I felt the sting of every lash you spoke
and grew more hard with every slashing stroke.
I learned from you that strength is forged in pain,
that kindness bends, that virtue bows in vain.
We meet as equal beasts and claim as ours
the full domain that yields to mingled powers.
I here declare that none will come between
my fervent heart and you—my faithful queen.
He roughly laid her down across the bed
and let his ardor take control and spread.
As Lotus stirred and rose from where she dreamed,
she felt a pain, she blinked her eyes, then screamed.
***
The citizens of Gotham drive at speeds
the batmobile so easily exceeds
that many merely curse the rush of air
that pounces on their senses unaware.
It threaded through the crime infested streets
as if the tires were shod with metal cleats.
Wherever Gotham Tower appeared there grew
a crowd that craned to catch a sidewalk view,
and many peered from windows, roofs, and cars
to watch the show displayed against the stars.
As members of the Circus troupe appeared,
and those above with pricey seating cheered,
the batmobile arrived, its rumbling ceased;
it idled deep, like thunder unreleased.
The racing knight attacked the narrow stairs
with charging force befit a raging bear,
and yet his steps made little sound to tell
an unsuspecting foe of coming hell.
The door to 17 was still ajar,
a risky breach, by Gotham's code bizarre.
He knew the reason why and crossed the room,
his cape a hissing shroud of swirling doom.
The ape was poised to brutally invade
the undefended warmth of Lotus Jade,
but tethered lines of wire conveyed a jolt
that shot like ragged fire with every volt
and made him arch with pain upon the bed
and roar with savage agony instead.
The Bat released the small device and struck
the raging ape's confusion like a truck.
They flew across the room and hit the wall.
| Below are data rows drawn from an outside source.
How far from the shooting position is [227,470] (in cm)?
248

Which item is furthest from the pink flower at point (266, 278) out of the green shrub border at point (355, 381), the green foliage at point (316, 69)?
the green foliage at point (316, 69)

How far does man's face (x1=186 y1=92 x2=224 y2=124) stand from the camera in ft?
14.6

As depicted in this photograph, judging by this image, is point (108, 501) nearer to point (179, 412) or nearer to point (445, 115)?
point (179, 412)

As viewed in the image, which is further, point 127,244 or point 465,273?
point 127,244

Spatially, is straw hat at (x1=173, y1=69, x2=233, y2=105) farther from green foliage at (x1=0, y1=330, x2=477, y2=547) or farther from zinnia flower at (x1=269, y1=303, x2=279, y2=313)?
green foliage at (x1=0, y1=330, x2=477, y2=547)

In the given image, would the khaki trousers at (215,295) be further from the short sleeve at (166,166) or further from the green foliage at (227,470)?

Exploding plaster shards began to fall.
The girl rose in terror and dismay
and steeled herself to deftly slip away.
She'd heard about a man they called the Bat,
a vigilante dressed in black, but that
was just a legend made of hype and hope,
a myth designed to help the city cope
with ever rising tides of urban crime—
a creature of the swamp who hated slime!
But this was real and danger, as she knew,
could send a bolt of lightning flashing through.
They grappled for position, locked like bulls,
as each delivered blows and wrenching pulls.
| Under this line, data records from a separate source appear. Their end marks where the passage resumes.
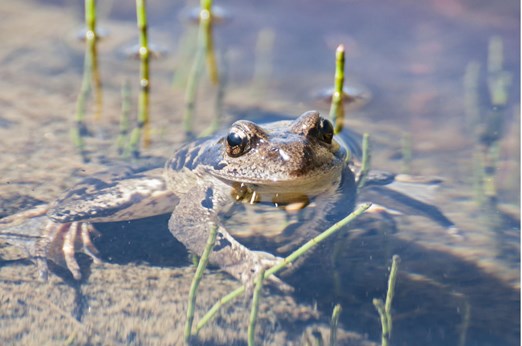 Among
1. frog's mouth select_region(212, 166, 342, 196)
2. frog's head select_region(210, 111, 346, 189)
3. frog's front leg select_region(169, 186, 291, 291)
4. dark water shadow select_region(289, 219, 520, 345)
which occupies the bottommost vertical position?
dark water shadow select_region(289, 219, 520, 345)

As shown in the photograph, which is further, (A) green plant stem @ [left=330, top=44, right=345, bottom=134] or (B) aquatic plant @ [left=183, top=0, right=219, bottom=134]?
(B) aquatic plant @ [left=183, top=0, right=219, bottom=134]

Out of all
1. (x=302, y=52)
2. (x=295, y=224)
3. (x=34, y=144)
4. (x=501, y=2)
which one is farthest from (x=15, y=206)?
(x=501, y=2)

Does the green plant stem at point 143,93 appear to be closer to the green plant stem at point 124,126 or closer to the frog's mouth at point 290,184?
the green plant stem at point 124,126

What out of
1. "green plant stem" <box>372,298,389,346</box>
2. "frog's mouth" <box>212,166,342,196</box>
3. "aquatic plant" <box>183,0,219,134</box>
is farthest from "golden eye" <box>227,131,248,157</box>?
"green plant stem" <box>372,298,389,346</box>

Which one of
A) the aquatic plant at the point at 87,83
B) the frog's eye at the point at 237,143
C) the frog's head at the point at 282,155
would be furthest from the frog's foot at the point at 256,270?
the aquatic plant at the point at 87,83

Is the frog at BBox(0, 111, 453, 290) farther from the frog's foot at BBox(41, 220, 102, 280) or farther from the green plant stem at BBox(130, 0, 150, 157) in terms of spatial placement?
the green plant stem at BBox(130, 0, 150, 157)

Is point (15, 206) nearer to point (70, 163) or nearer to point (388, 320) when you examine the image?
point (70, 163)

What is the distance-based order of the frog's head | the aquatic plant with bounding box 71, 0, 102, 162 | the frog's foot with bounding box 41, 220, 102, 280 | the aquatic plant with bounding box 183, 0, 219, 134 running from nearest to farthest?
the frog's foot with bounding box 41, 220, 102, 280 → the frog's head → the aquatic plant with bounding box 71, 0, 102, 162 → the aquatic plant with bounding box 183, 0, 219, 134

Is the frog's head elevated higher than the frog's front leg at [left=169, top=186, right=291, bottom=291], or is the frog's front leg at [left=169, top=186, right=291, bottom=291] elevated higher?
the frog's head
She waited as they came apart, then clashed,
and, seizing all her nerve, she quickly dashed.
She rushed to make the stairs, but heard a roar:
the ape had seen her moving through the door.
She knew the street was likely where he'd head;
she took the stairs to reach the roof instead.
The Bat, she prayed, would slow the ape's pursuit.
He'd saved her once, whatever his repute,
and now she knew her life was in his hands.
She'd trust in that, whatever fate demands!
***
The art of fighting starts with simple moves
repeated till they slide like wheels in grooves.
The preset forms are then allowed to mix
with varied foes, with random blows and kicks.
The skill that comes when form at last is freed
is martial will expressed at blinding speed.
But skill must still contend with size and strength,
and often brutish force prevails at length;
a mass of muscled flesh, as tree to axe,
can long endure the edge of sharp attacks.
The drug-evolved adrenal glands distilled
a potent flow of energy that filled
the ape's prodigious frame with raging force
the Bat could barely slow upon its course.
A filament of grappling wire restrained
about as well as Samson's vengeance chained.
He roared and flung the Bat against the wall,
then quickly gained the building's outer hall.
He started down the stairs but caught a scent
that showed the way his new beloved went.
He headed for the roof with ambling bounds
that shook the floors below with thund'rous sounds.
The Bat was stunned, but quickly cleared his head.
Without the suit's protection he'd be dead;
it cushioned shocks and blunted violent hits
that had the power to break a bone to bits.
He reached the stairs and took them three by three.
He heard the ape ahead but couldn't see
the cause of all the crashing sounds, but then
a void appeared where solid steps had been,
and gusts of splintered wood and sharp debris
came raining down with dust where steps should be.
Pursuit, he knew, could change in blinks of time
and seconds lost could o h s o s l o w l y c h i m e!
He stood aside to let the rubble fall,
then fired a line to spike the upper wall.
A handy tool that pulled his weight with ease
traversed the tangled beams by narrow squeeze.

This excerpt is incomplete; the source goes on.